So you want to put a 2nd Gen F-Body Rear End in your 1st Gen Firebird?
Since I just finished doing a 2nd Gen to First Gen Firebird Rear End
Swap, I decided I should write down everything I encountered and post
it for anyone who might do the same someday. At the same time that
I put the new Rear End in the car, I
also put in new leaf springs and bushings so I'm going to include
the good stuff from that where appropriate. I've tried to put this
together in such a way that you get a lot of detail but it's not
confusing. Hopefully I've succeeded.
Some of you may ask "Why would you want to put a 2nd Gen Rear
in a 1st Gen Car?"
Well, they're more readily available, which also means cheaper.
If you're looking for a 3.23-3.55 posi for a 1st Gen Firbird,
good luck, there just aren't that many.
On top of that, the 8.5 inch rear is much stronger than the 8.2 inch.
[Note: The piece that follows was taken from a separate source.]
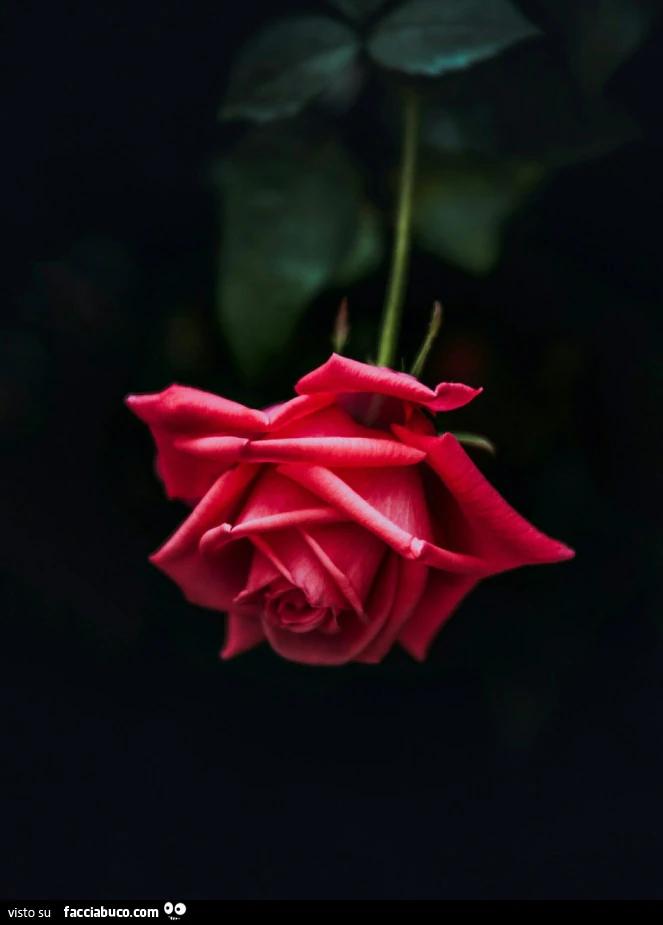 Rosa rossa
Of course, there are some mods you'll have to do so that's
something you have to weigh out to see whether it's worth it to
you. Maybe this write up will also be useful to those trying to
decide what to do.
Now for some short disclaimers. The car I was putting the Rear
into was a 1969 Firebird which originally had a 2.56 open Rear
with multi-leaf springs. The new Rear was a PX code 3.23 Posi
with a casting date of C187, from a 1977 car. I know there are
some minor difference between the early 2nd Gen cars
(1970-1975 or 76) and the later ones (1976 or 77-1981) with respect
to U-Joints and Brake parts so I can't be sure that everything that
worked on mine will work on yours.
Here's The Good Stuff
I had read many times that the 2nd Gen Rears were
anywhere from 1-2 inches wider overall than the 1st Gen Rears.
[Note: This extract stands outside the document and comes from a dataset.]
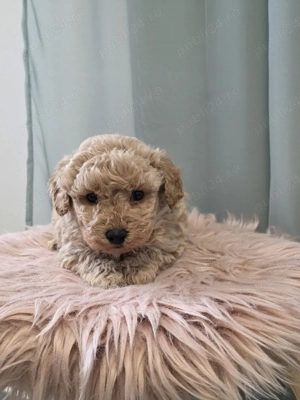 maltipoo toy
Well, I took many, many measurements to be sure I wasn't fooling
myself and found that the 2nd Gen Rear is only 1/4 inch wider
overall (1/8 per side) than the 1st Gen. This measurement was
taken on the outside of the ends of the axles where the lugs
are pressed in.
Multi vs Mono Leaf
As I understand it 1967 models will have
mono-leaf springs. 1968-1981 are all multi-leaf. I don't know
too much about mono to multi leaf conversion, I'm going to assume
that you are swapping into a 68-69 car. If you want to put one in
a 67 car, I would guess you'll either have to use your original
mono-leaf mounts/perches or convert to multi-leaf. Let's just say
that you will have to work out all those further complications.
Spring Mounts (Or Perches)
There are some very important things
to remember here. First, if you haven't figured it out yet,
the 2nd Gen mounts are much further out (about 2 3/4 inches)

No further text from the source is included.